* _AIM OF THE TASK_: Retype exactly what runs from the first line of the data to the line with "endive endive", keeping both of those lines and skipping pictures.

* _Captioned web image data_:
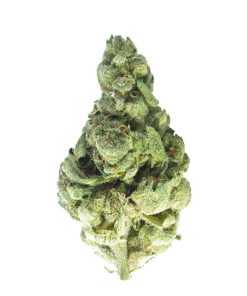 buy g13 hash plant online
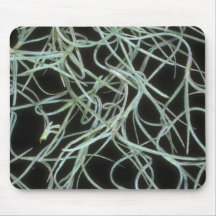 Plant Spanish Moss Mouse Pads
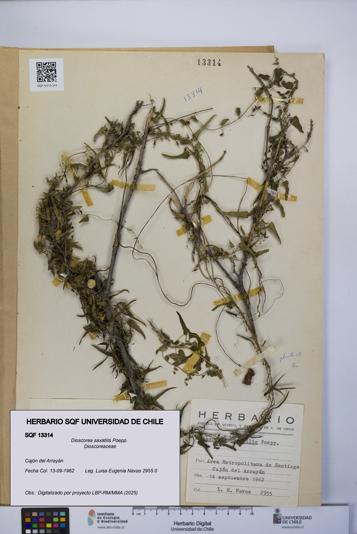 Dioscorea saxatilis [Espécimen: UCH:SQF:0013314]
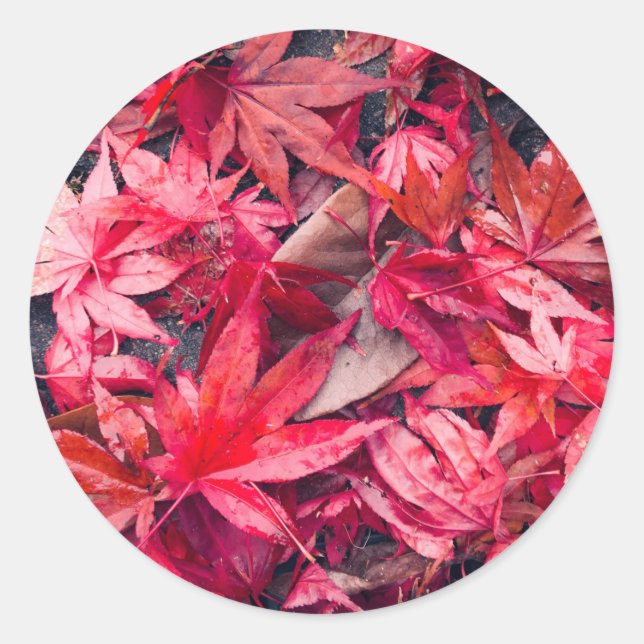 Pegatina Redonda Hojas rojas de otoño (Anverso)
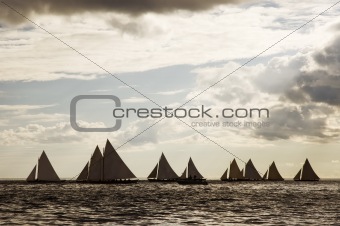 Sailing boats 10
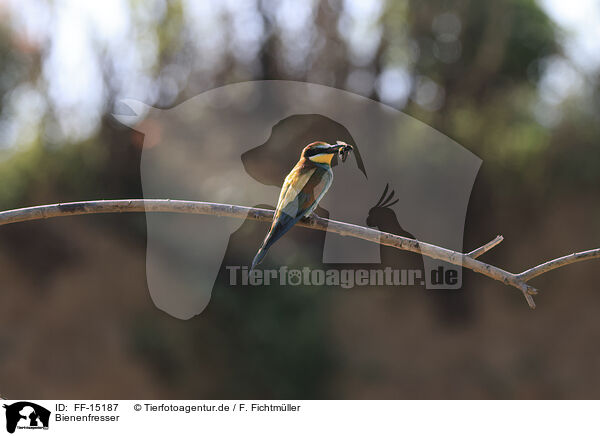 Bienenfresser / bee-eater / FF-15187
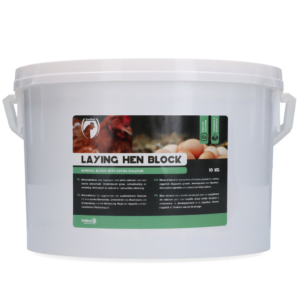 Excellent Legkippen Blok 10 kg - Rijk aan Calcium voor Sterke Eierschalen
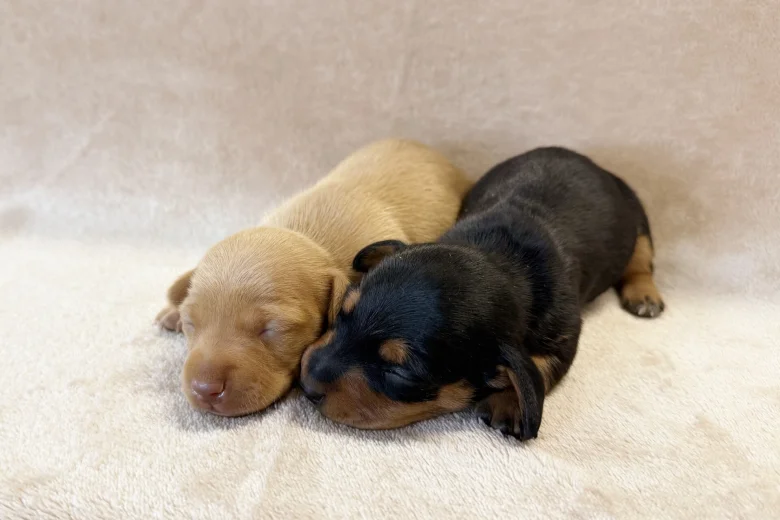 Dachshund (Miniature Smooth Haired)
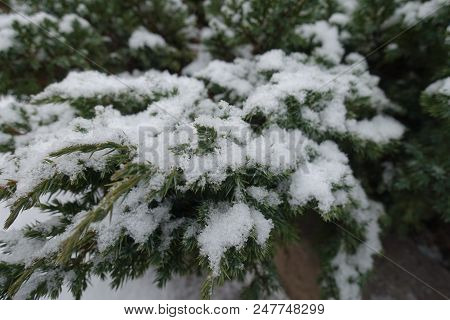 Leafage Of Juniperus Squamata Covered With Snow In Winter
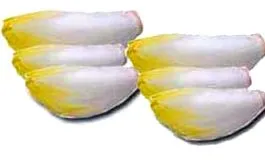endive endive
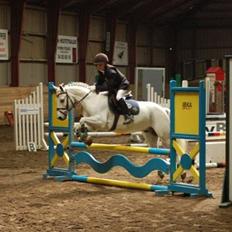 Anden særlig race Pascal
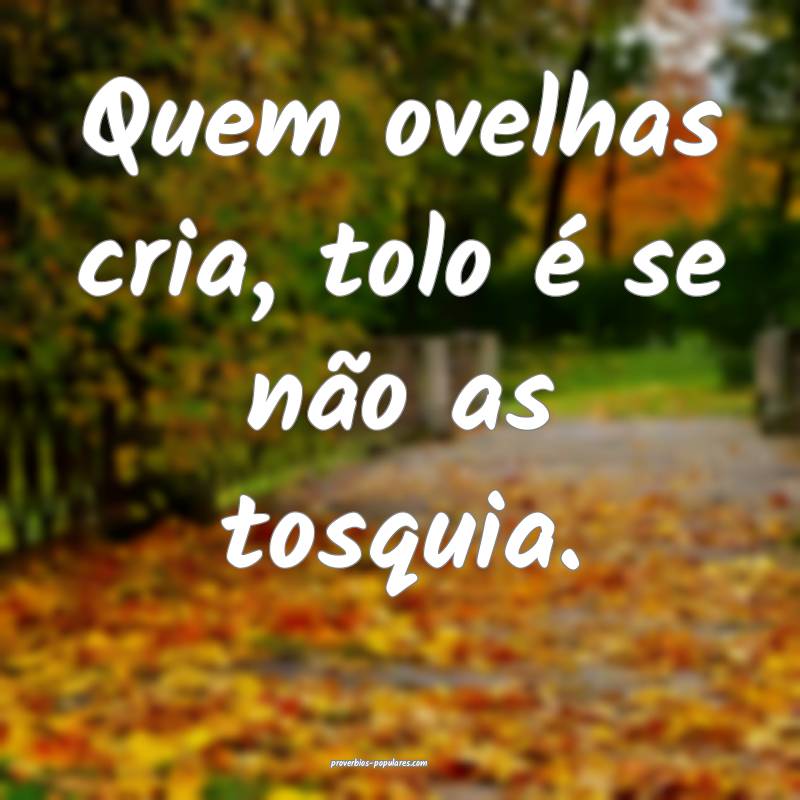 Quem ovelhas cria, tolo é se não as tosquia. 
...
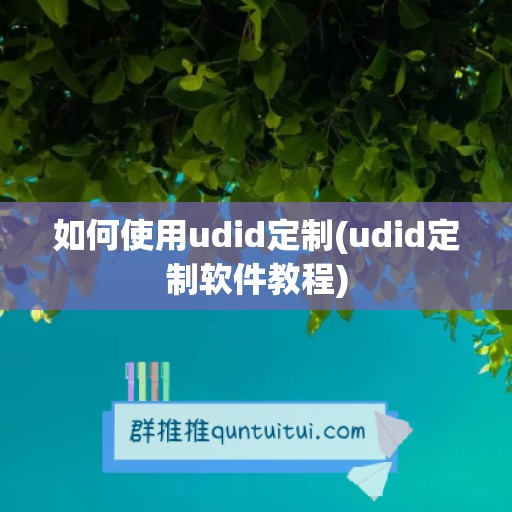 如何使用udid定制(udid定制软件教程)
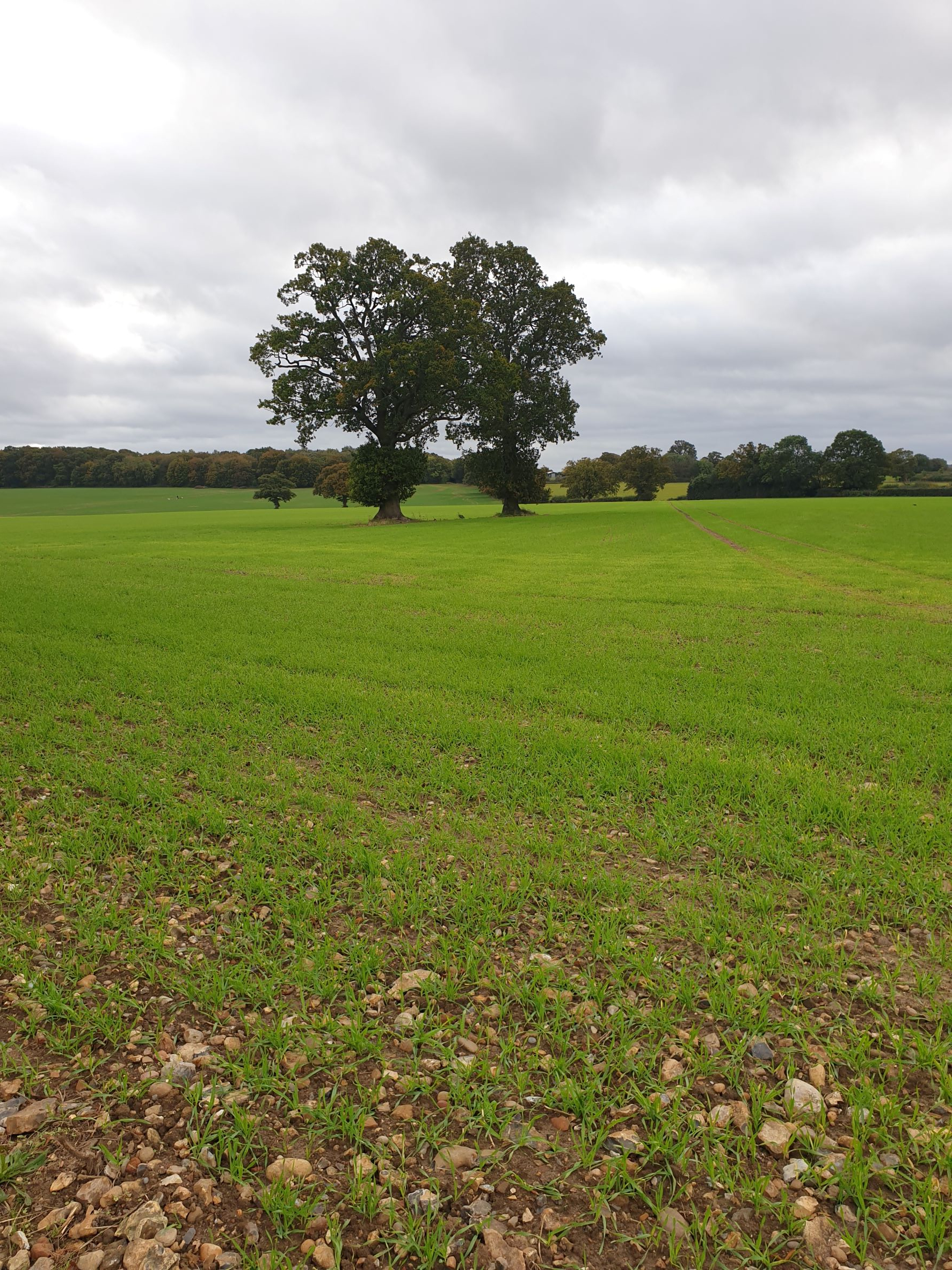 Walk & Talk - Old Knebworth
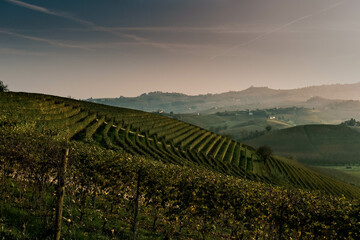 vineyards on the hills of the Piedmontese Langhe in autumn in the wine season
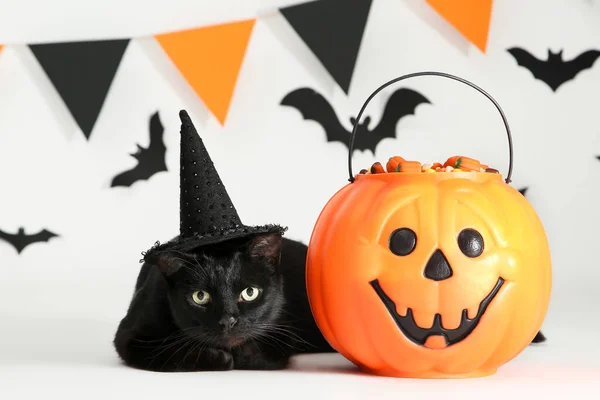 Black cat with candies in halloween bucket and paper bats on whi — Stock Photo, Image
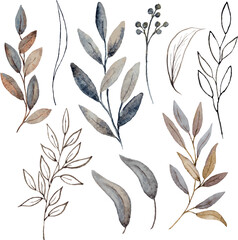 Set of elements of branches and leaves of plants of gray-brown shades
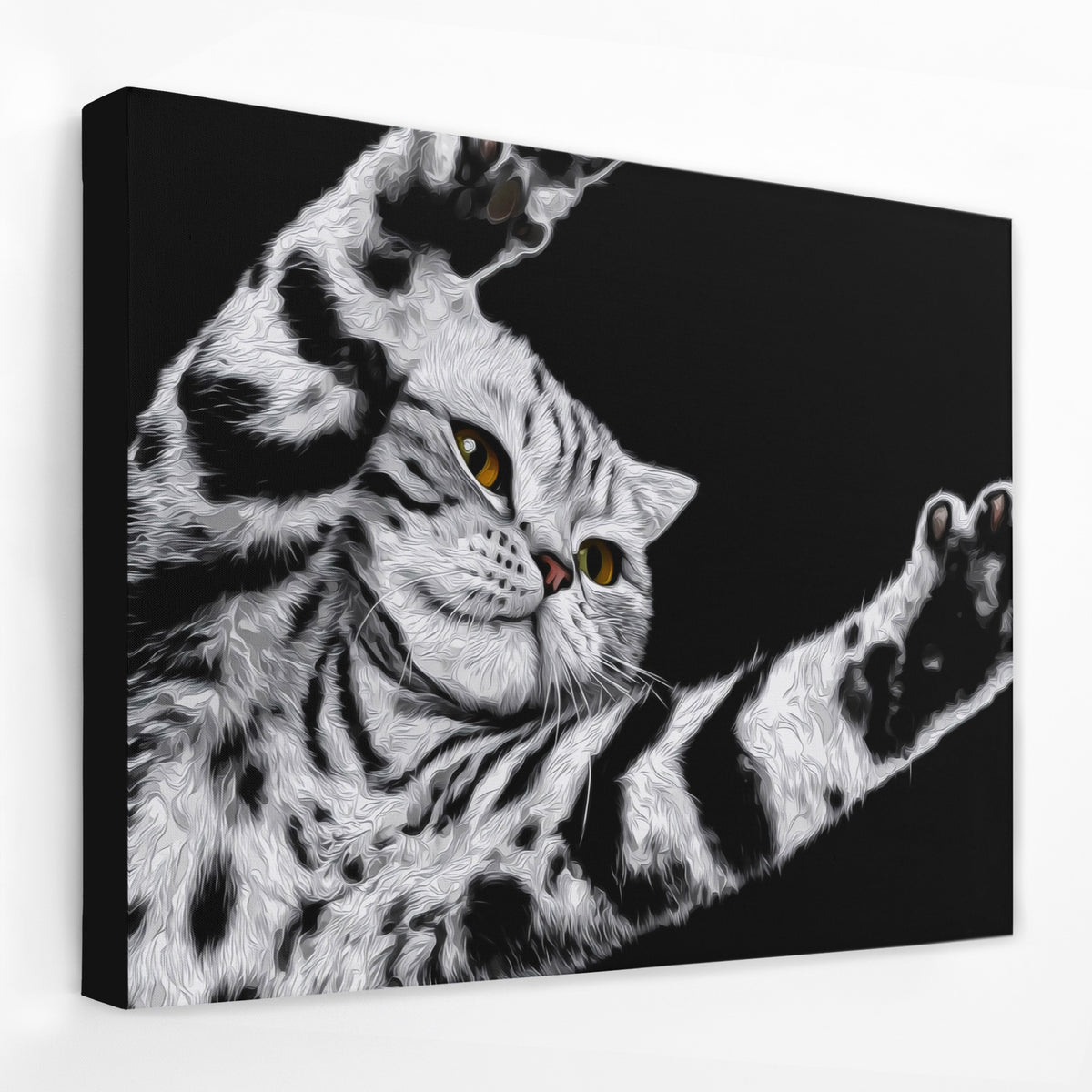 Scottish Fold Reaching — Scottish Fold Reaching Landscape   Side View   Black Wrap 98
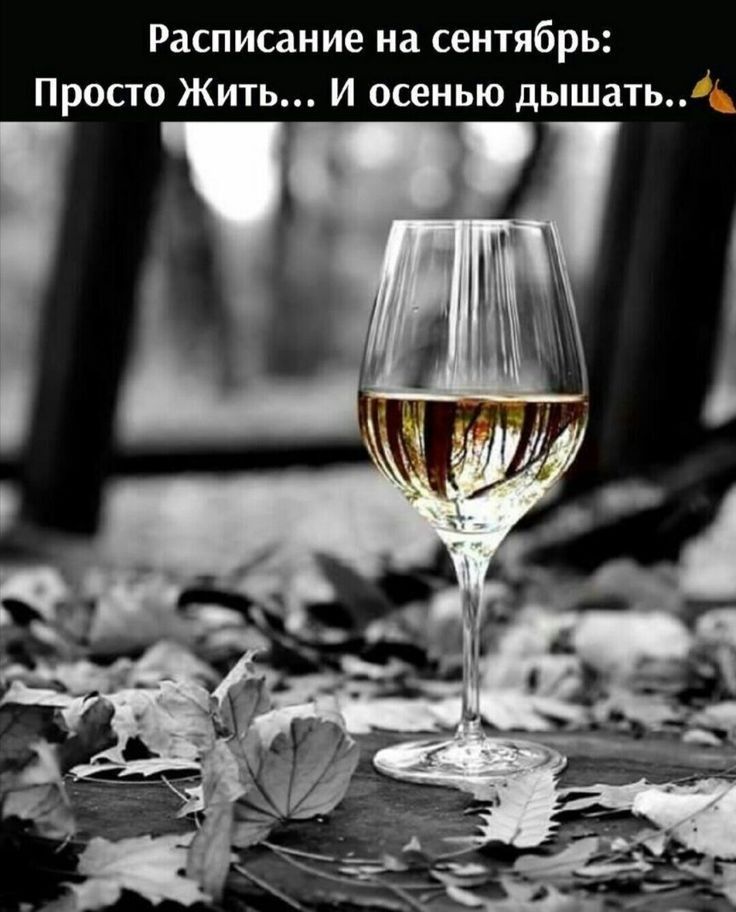 Расписание на сентябрь Просто Жить И осенью дышатьд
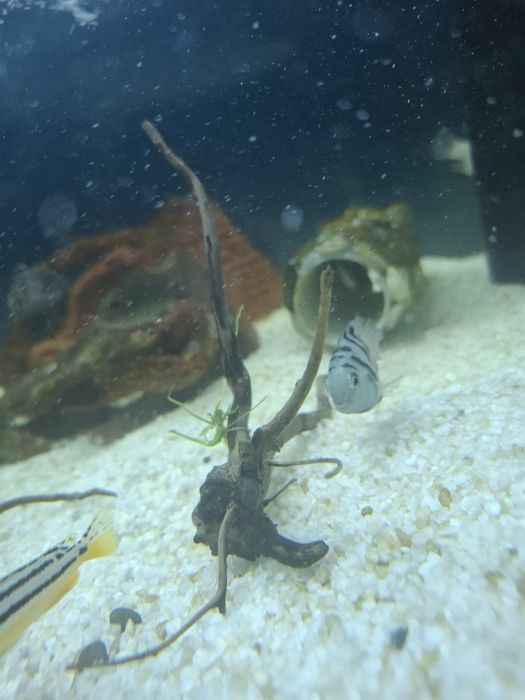 Коряги для аквариума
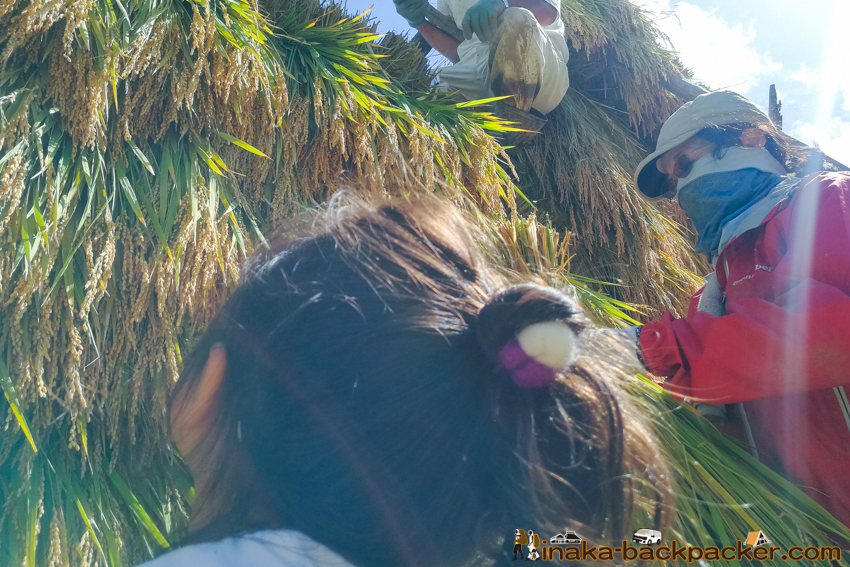 能登 穴水町 田舎時間 農業 漁師 牡蠣 水揚げ 地方 田舎 体験 noto anamizu iwaguruma rural countryside farming oyster lifestyle experiences Japan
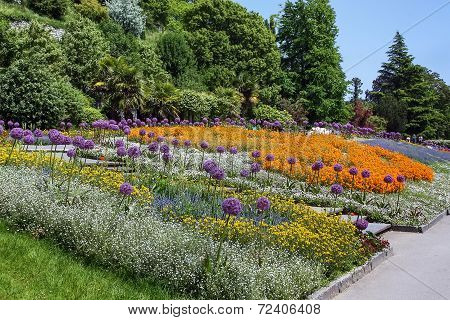 Flower Bed, Germany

* _RESULT_:
 buy g13 hash plant online
 Plant Spanish Moss Mouse Pads
 Dioscorea saxatilis [Espécimen: UCH:SQF:0013314]
 Pegatina Redonda Hojas rojas de otoño (Anverso)
 Sailing boats 10
 Bienenfresser / bee-eater / FF-15187
 Excellent Legkippen Blok 10 kg - Rijk aan Calcium voor Sterke Eierschalen
 Dachshund (Miniature Smooth Haired)
 Leafage Of Juniperus Squamata Covered With Snow In Winter
endive endive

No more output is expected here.